第45話【続々々・カナタ】
ナギの様子を聞きに来ただけだというイチタカは、エイイチロウの携帯番号だけ聞いて彼らに別れを告げた。それを見送った後、エイイチロウは宣言通り、カナタとマドイを残してカブで立ち去った。マドイ曰く、「早く編集したいんですって」と言うことらしい。
そう言ってカナタの横に立つマドイの想いも、本当に立ち去ってしまったエイイチロウの思惑も、カナタには判らなかった。
自分だけが置き去りで、いつの間にか周りが変わっていく。おそらくずっとそうだったのだろうと、ぼんやりと自覚していたのだけれど、こんなに明確にそれを感じたのは初めてだった。
『奇跡なんてありえない。不可能だと信じていることを、どこのどいつが達成できると言うんだ』
いつか言われたナギの言葉が、彼の中でただ繰り返される。だけど、その言葉がどうして響くのか、カナタには判らない。
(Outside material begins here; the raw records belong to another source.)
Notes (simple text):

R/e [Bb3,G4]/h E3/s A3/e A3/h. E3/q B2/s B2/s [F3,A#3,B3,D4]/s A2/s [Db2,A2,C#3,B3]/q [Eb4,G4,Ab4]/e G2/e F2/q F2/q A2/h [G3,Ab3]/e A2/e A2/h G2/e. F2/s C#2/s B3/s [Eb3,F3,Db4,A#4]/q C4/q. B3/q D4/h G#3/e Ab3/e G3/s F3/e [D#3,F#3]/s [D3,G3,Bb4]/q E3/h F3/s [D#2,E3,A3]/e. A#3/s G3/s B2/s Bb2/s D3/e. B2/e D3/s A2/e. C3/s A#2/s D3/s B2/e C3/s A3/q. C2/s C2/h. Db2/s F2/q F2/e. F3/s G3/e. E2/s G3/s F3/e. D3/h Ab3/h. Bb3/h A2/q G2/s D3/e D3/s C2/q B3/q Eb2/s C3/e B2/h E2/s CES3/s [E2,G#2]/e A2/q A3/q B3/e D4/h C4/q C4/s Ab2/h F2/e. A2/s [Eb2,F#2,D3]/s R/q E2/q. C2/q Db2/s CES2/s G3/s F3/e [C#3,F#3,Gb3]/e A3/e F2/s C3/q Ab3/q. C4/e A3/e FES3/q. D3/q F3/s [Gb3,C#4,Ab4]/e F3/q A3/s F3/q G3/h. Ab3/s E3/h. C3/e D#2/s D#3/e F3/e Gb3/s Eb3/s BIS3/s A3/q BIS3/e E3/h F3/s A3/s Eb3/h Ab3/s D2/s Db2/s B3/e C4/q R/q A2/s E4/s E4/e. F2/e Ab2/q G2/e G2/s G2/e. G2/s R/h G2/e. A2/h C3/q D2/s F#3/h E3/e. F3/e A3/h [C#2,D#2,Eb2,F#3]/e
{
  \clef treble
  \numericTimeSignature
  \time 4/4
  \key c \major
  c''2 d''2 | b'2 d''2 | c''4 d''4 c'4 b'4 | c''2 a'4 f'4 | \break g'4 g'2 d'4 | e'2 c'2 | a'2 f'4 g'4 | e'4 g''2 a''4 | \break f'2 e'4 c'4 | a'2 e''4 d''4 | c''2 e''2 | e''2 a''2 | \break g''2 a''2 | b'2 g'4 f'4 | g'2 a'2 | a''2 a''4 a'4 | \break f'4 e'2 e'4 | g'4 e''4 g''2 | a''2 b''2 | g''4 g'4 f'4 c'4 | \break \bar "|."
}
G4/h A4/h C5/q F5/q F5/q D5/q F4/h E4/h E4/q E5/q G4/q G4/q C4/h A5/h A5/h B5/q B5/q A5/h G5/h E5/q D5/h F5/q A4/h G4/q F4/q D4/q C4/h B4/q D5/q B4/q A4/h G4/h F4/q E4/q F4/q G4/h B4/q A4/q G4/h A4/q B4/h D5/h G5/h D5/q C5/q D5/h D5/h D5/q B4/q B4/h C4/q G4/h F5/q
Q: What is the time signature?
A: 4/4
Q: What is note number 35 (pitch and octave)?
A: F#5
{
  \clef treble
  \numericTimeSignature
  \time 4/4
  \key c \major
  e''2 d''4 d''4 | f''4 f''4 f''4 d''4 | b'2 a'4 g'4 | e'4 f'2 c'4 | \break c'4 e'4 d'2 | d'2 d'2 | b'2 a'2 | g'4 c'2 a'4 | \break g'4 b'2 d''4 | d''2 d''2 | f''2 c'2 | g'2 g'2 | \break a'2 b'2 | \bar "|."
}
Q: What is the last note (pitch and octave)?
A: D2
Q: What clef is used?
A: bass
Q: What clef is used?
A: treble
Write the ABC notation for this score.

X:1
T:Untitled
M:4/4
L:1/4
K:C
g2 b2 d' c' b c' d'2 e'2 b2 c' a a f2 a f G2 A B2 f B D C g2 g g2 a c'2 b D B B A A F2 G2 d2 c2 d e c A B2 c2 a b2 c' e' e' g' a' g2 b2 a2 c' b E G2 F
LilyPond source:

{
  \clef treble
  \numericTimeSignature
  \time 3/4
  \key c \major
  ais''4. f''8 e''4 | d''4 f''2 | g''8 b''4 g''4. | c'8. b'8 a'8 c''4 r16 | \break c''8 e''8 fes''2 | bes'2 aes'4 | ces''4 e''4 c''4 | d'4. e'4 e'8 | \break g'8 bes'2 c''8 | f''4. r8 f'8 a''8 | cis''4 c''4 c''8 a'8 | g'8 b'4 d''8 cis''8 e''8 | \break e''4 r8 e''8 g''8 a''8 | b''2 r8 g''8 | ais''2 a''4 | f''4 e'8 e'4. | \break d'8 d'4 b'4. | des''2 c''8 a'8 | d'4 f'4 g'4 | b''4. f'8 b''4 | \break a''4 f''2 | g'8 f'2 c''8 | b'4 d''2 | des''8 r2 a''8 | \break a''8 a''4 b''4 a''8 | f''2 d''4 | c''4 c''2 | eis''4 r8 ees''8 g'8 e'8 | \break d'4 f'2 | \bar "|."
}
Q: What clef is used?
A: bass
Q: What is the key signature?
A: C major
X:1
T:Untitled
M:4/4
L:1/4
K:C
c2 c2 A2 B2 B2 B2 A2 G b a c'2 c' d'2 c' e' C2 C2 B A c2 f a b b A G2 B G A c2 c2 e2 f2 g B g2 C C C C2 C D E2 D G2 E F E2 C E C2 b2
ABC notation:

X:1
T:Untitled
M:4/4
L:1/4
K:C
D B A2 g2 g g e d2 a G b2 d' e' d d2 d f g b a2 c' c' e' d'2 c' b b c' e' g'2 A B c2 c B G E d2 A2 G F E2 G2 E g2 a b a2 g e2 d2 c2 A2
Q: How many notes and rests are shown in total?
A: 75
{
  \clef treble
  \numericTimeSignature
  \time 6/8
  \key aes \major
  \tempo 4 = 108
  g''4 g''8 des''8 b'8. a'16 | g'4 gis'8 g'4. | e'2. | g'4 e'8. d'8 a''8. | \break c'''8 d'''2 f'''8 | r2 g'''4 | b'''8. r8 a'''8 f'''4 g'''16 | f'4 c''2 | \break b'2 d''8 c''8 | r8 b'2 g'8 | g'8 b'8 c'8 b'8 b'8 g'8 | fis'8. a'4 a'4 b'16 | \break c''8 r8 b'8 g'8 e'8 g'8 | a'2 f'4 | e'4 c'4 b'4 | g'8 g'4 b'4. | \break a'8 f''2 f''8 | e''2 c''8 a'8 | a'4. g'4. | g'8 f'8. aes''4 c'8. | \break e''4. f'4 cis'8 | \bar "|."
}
その後、彼は、その答えを言っていたはずなのに、その肝心なことがカナタの中には残っていなかった。そんな自分が、何より歯がゆくて不愉快だった。
隣に立つマドイに、手を伸ばしても届かない。そんな歯がゆさに似ているような気がしていた。
「ねえ、カナタ。この間エーチロさんに借りたDVD……」
「あ、うん。ごめん、持って帰っちゃった。見にくる?」
彼女は黙って頷いて、カナタと共に歩き出す。その行為に、以前なら距離が縮まったことを感じて喜んでいたはずなのに、今は余計に不安を煽る。
不安をうち消すように彼女の右手に、自身の左手を伸ばす。彼女の手を取り、じっと表情を伺う。嫌がらなかったが、照れた表情も見せなかった。だけど、彼女はいつも通り彼についてくる。
「さっきお兄さんが撮ってたヤツ……それの元の、ナギさんの映像もあるよ、この間エイジが押しつけられてた」
「え?それも見たい。どんなの撮るか見てみたい」
それにカナタは応えず、黙って公園を出て、彼女の手を引いて、寮の方に向かって歩き続ける。いつの間にか、空が微かにオレンジがかっていた。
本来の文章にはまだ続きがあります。